● **ASSIGNED TASK**
Wherever the word "with" appears in a line of the data, that line should be copied.

···

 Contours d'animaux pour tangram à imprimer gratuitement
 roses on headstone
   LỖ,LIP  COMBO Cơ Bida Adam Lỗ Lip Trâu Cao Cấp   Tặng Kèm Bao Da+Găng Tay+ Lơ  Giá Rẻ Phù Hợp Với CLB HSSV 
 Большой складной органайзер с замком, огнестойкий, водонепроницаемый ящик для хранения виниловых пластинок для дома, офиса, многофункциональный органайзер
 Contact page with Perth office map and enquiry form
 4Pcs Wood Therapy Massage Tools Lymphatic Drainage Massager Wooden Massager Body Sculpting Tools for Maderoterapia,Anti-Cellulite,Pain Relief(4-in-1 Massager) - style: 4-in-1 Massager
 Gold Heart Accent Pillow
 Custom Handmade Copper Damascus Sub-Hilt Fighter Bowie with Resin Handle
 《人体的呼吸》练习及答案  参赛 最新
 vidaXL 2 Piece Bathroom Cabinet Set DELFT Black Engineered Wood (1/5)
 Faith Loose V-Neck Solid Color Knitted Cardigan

···

● **ANSWER AREA**
 Contact page with Perth office map and enquiry form
 Custom Handmade Copper Damascus Sub-Hilt Fighter Bowie with Resin Handle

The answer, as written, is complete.